--- START ---
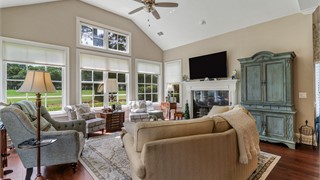 23 Lexington Drive thumbnail image 17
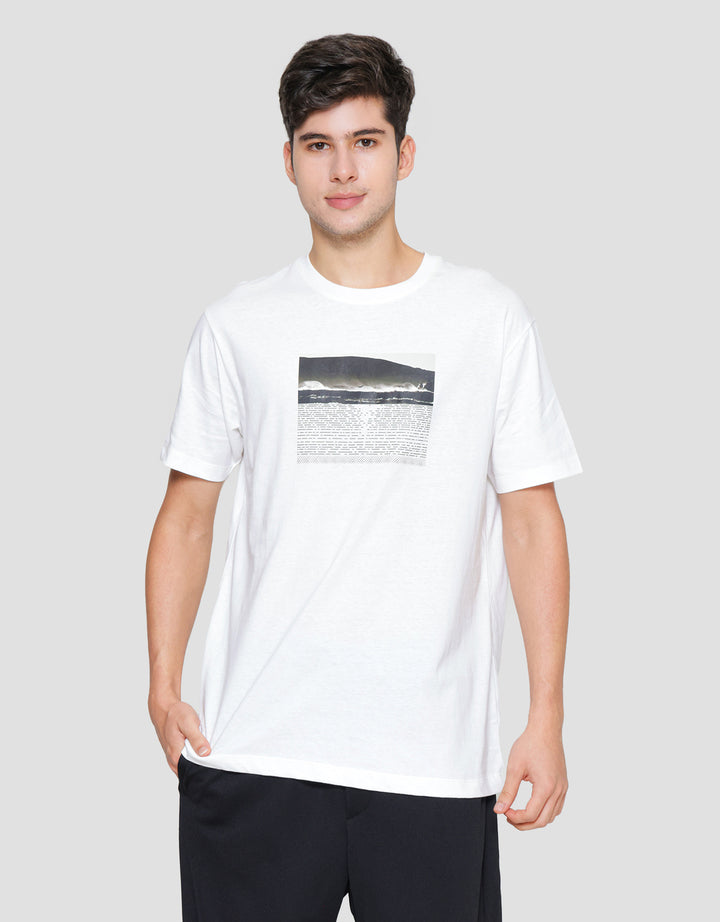 Cole Monochrome Mountain Kaos Pria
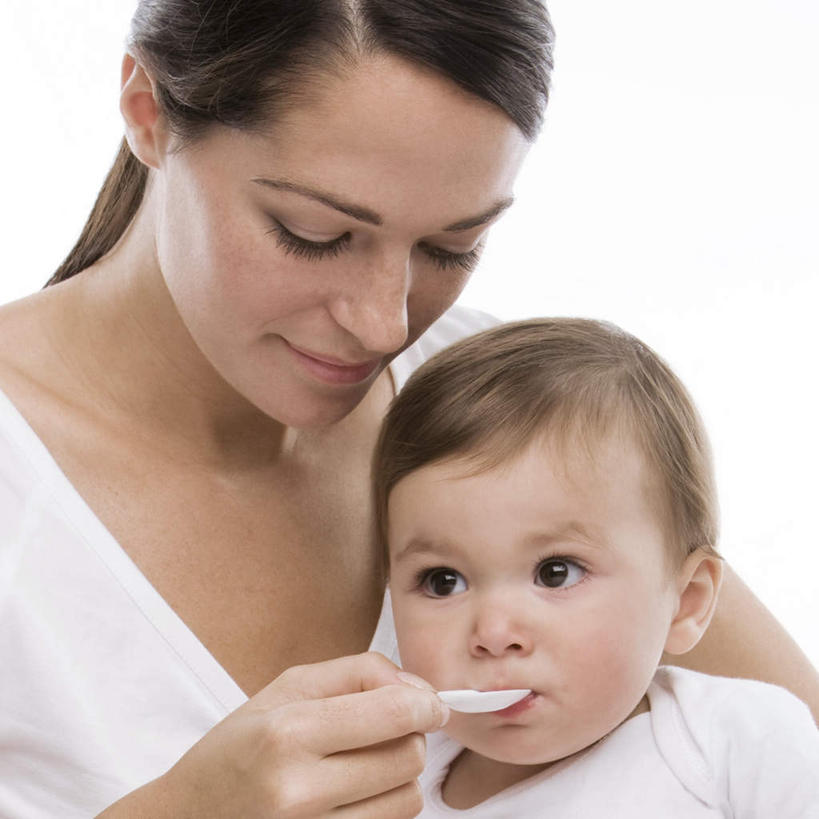 西方人,婴儿,儿童,两个人,家庭,母亲,站,抱,方图,室内,白天,白色背景,正面,纯洁,欧洲,欧洲人,握,哺育,勺子,拿,拿着,注视,小孩,调羹,汤匙,低头,观察,看,站着,温暖,温馨,一家人,可爱,母爱,童年,童趣,握着,摄影,活泼,影棚,抱着,观看,和睦,察看,养育,搂着,关注,宝宝,童真,纯真,烂漫,无邪,母婴,哺养,伶俐,天真,年轻女性,女人,女性,白种人,孩子,年轻人,怀抱,搂,搂抱,相抱,拥抱,站立,半身,彩图,影棚拍摄,拍摄,融洽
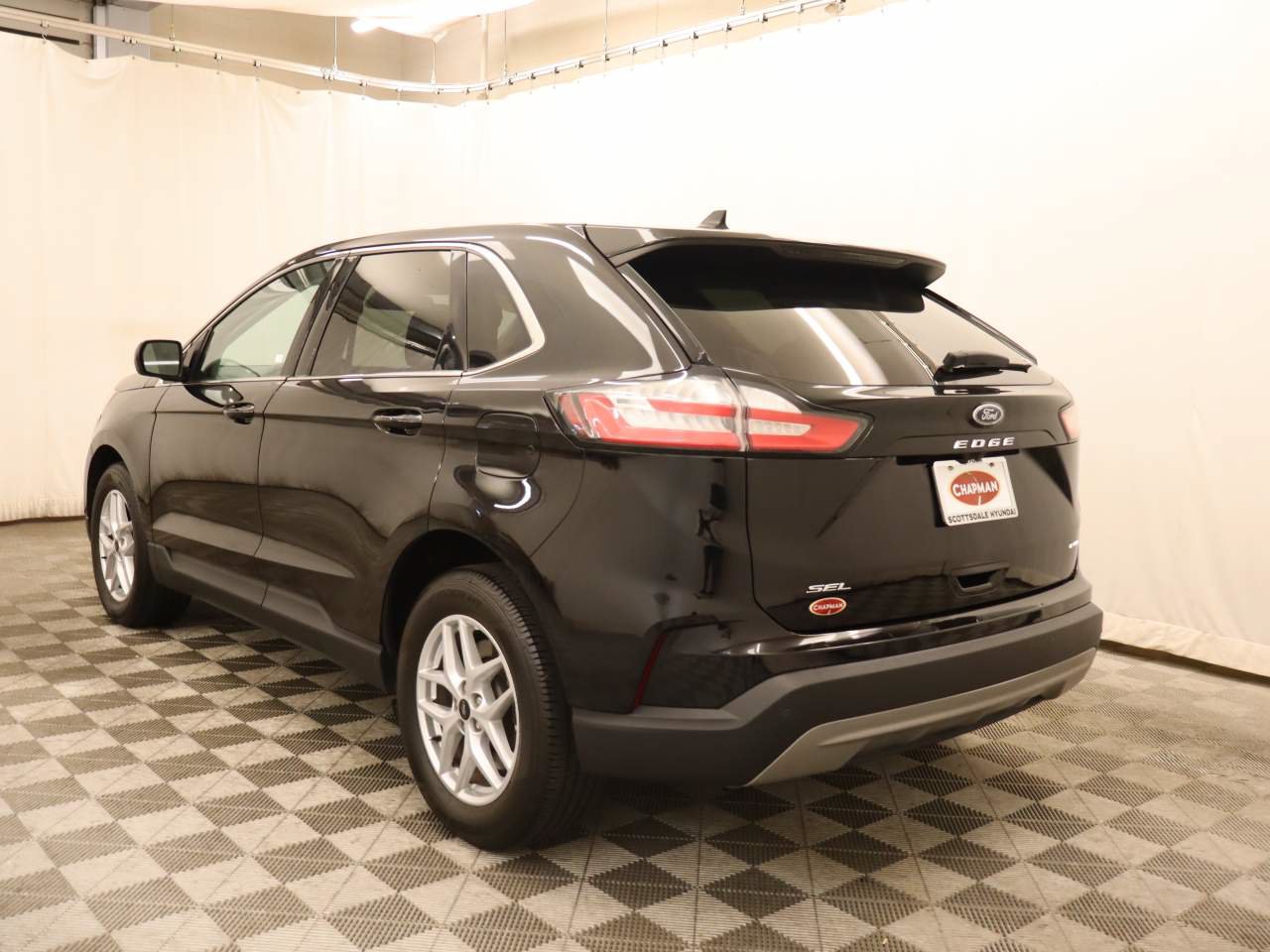 Used 2024 Ford Edge SEL AWD/4WD image 3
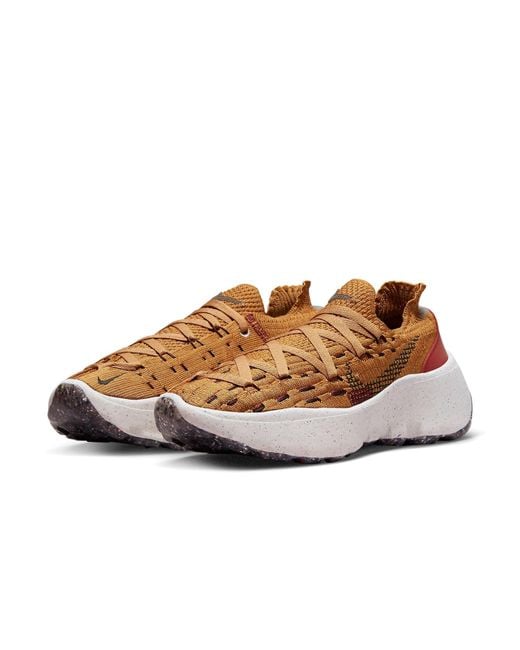 Nike Brown (Wmns) Space Hippie 04 'Wheat Dark Beetroot'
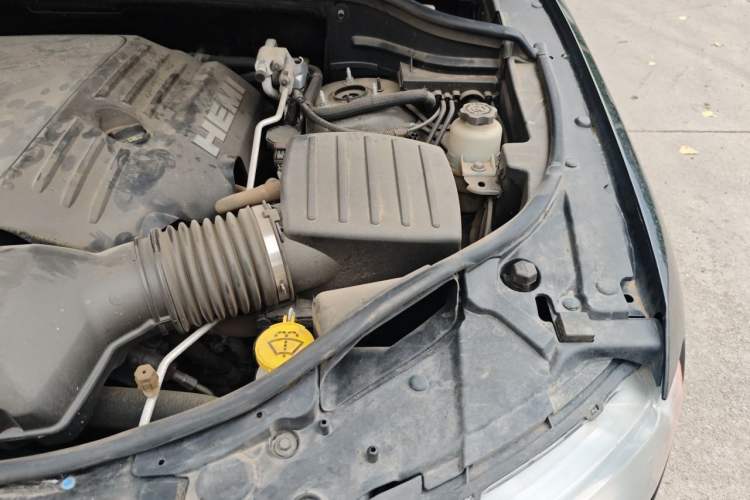 Used Jeep Grand Cherokee 2012 5.7L Flagship Navigation Edition Engine Bay Left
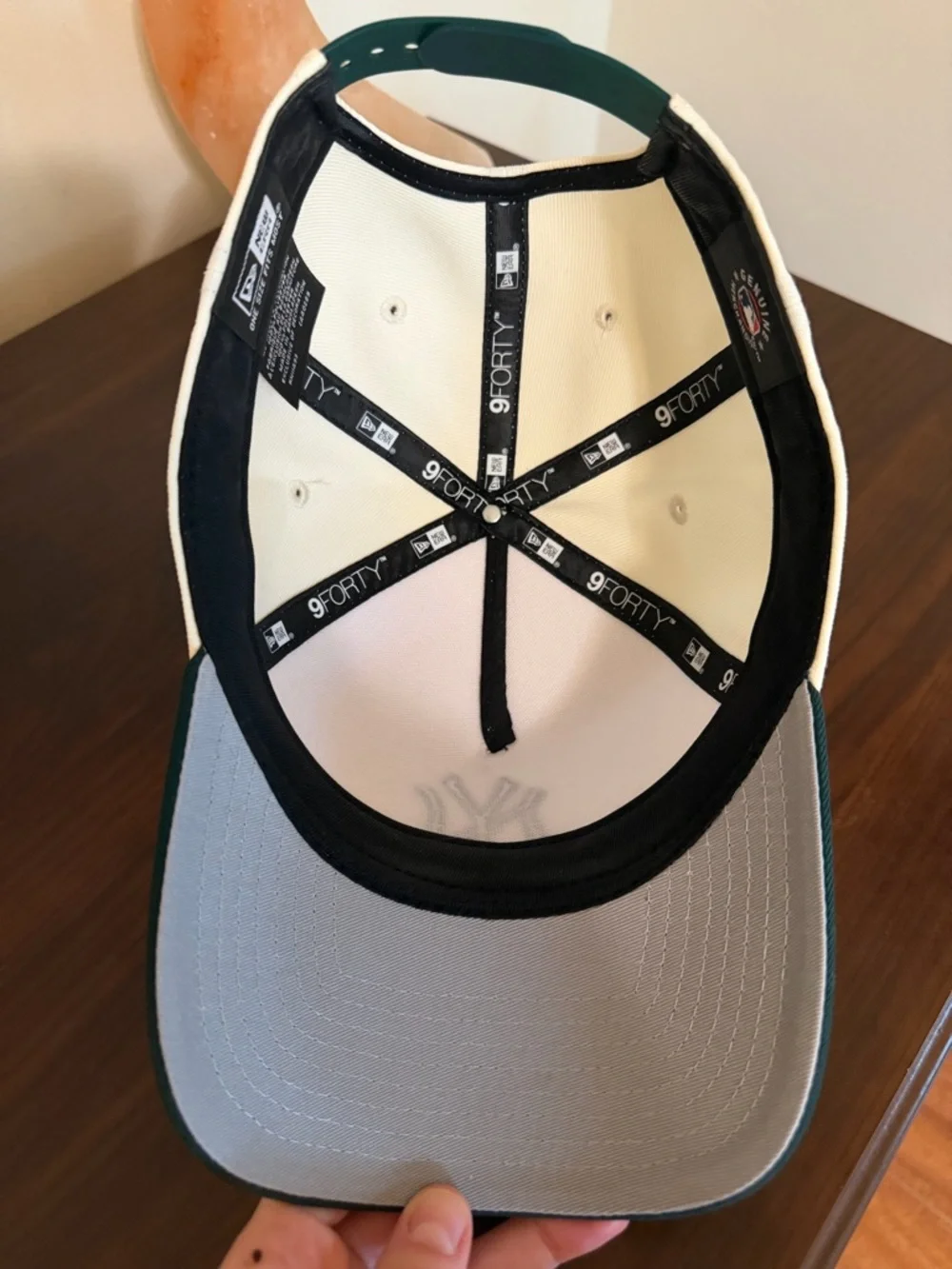 New York Yankees New Era 9Forty A-Frame Cap - Picture 6 of 8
--- END ---
Stop after the line containing "Nike Brown (Wmns)": copy the records exactly from the first line up to there, leaving pictures out.

 23 Lexington Drive thumbnail image 17
 Cole Monochrome Mountain Kaos Pria
 西方人,婴儿,儿童,两个人,家庭,母亲,站,抱,方图,室内,白天,白色背景,正面,纯洁,欧洲,欧洲人,握,哺育,勺子,拿,拿着,注视,小孩,调羹,汤匙,低头,观察,看,站着,温暖,温馨,一家人,可爱,母爱,童年,童趣,握着,摄影,活泼,影棚,抱着,观看,和睦,察看,养育,搂着,关注,宝宝,童真,纯真,烂漫,无邪,母婴,哺养,伶俐,天真,年轻女性,女人,女性,白种人,孩子,年轻人,怀抱,搂,搂抱,相抱,拥抱,站立,半身,彩图,影棚拍摄,拍摄,融洽
 Used 2024 Ford Edge SEL AWD/4WD image 3
 Nike Brown (Wmns) Space Hippie 04 'Wheat Dark Beetroot'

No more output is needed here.